2007-03-02

Thoughts about Ryan Smyth Chris Pronger. Er, what?

No, you didn't read that incorrectly, there are still some Chris Pronger tidbits that need to be addressed.

First, somebody one-upped me in my characterization of Pronger on this website, by suggesting the Chris Pronger Memorial Red Light District. Ha!

On a second note, there's a rumour going around, to which we shall have to see, which states that though Anaheim has neither Christie Chorley nor Dantes waitresses, Pronger has still managed to diddle in the puck bunny pool, and as a result Mrs. Lauren Pronger (nee Walton) has initiated divorce proceedings. If true, this means that...drumroll please...Chris Pronger could have remained an Oiler, as the entire reason of his leaving (slighted wife) still happened after his departure. 20/20 hindsight, geesh.

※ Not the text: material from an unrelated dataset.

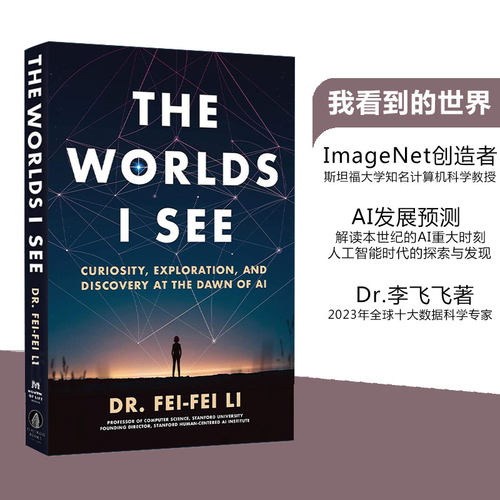 【自营】预售 我看见的世界 AI教母 人工智能时代的探索与发现 英文原版 The Worlds I See Li Fei-Fei 李飞飞自传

Third, somebody was telling me yesterday that, again according to rumour, contract talks were only part of the reason that Paul Coffey and the Edmonton Oilers parted ways in 1987. Apparently there were stories circulating that Coffey had an Oiltown honey on the side, and that he needed to go elsewhere, coinciding happily with plans for a new contract.
Now remember that this sounds awfully familiar, as that's the reason we (probably) lost Pronger. Also bear in mind that Mike Comrie's departure was strongly rumoured to be in whole or in part due to his bonking Tommy Salo's wife. Salo's quick and sudden descent from greatness is also likely more from his woman's indiscretions as opposed to the Belarus Incident.
My basic point here is that the Oilers have lost a lot of great players due to women over the years [don't forget about Gretzky's wife wanting to become an actress, hence his move to L.A. -- on second thought, you can forget it, since the only acting Janet Jones has ever done has been to prosecuters asking about Rick Tocket -ed]. With the Oilers having such rotten luck on the subject of players and their puckbunny wives, I can only assume that we will be the first team to enthusiastically support pillow biting players in the NHL.

"Hey, some players admitted they're homos? We'll take 'em all!"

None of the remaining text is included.